AnkitK wrote:
Thankzz to all.
But i am still confused about the logic behind below concept . Dear Fluke pls elaborate :
"x will be maximum when y is maximum. What is the maximum value for y
Max value for y = minimum of (40,70).
Because the number of students with brown hair is 40, the maximum number of students to have both brown hair and blue eyes can only be 40"
How can the number of students having neither brown hair nor blue eyes be maximized?
If the overlap between blue eyed guys and brown hair guys is increased; means the number of students having BOTH blue eyes and brown hair be increased. In terms of the set \(n(A\cap B) is increased\)
For simplicity;
Ex: Say there are 4 students(a,b,c,d);
1 student has brown hair and 2 students have blue eyes;
Stem says: 1 student has brown hair and 2 students have blue eyes;
minimum number of students who neither have blue eyes nor brown hair
Say
a-> brown hair (1 student has brown hair)
b,c-> blue eyes (2 students have blue eyes)
Number of students to have both blue eyes AND brown hair = 0
d-> doesn't have either blue eyes or brown hair. Count: 1
Maximum number of students who neither have blue eyes nor brown hair
Say
a-> brown hair & blue eyes
b-> blue eyes
Number of students to have both blue eyes AND brown hair = 1(a)
c,d-> doesn't have either blue eyes or brown hair: Count: 2
Mathematically; you can see;
To find the maximum number of students that have neither. We need to have maximum possible number of students that can have both.
Why the maximum number of students that have both can't be greater than the minimum of the two.
Maximum number of students having both = min(Students with brown hair, Students with blue eyes)
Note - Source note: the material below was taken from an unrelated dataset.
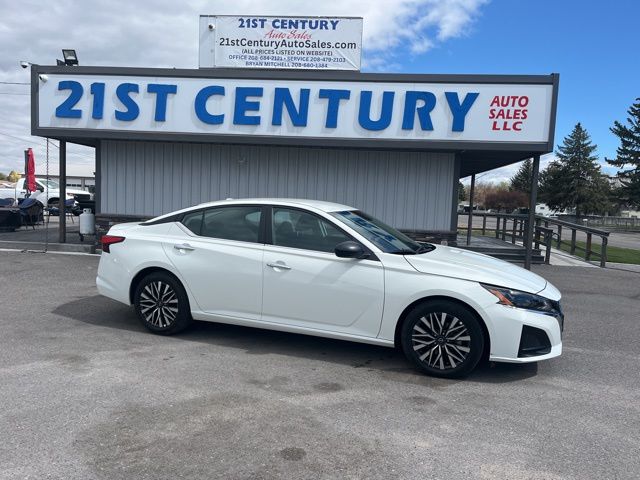 Glacier White 2025 Nissan Altima 2.5 SV FWD Sedan Front-Wheel Drive Continuously Variable Transmission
Students with brown hair = 1
Students with blue eyes = 2
Can the number of students having both be "2". NO... if out of 4 students; only 1, just ONE student has brown hair, how can there be 2 students with brown hair and blue eyes. It is clearly mentioned in the question;
Likewise;
Because the number of students with brown hair is 40, the maximum number of students to have both brown hair and blue eyes can only be 40". If only 40 students have brown hair, how can 41 students have both. It can never be any number more than 40.
Thus the maximum number of intersection is always the minimum of two counts.
Now, if 40 students have both blue eyes and brown hair and question says there are 70 students to have blue eyes. There are another 30 students who have blue eyes but no brown hair.
Total becomes 70: 40(Both brown and blue), 30(just blue).
Total students=100
Neither = 100-70=30
Coming to the find the minimum number of intersection;
if there are 40 students - brown hair
70 - blue eyes
it becomes 40+70=110. But, the total strength is 100. Thus, 10 students have both blue and brown, but 0 zero students who have neither.
*****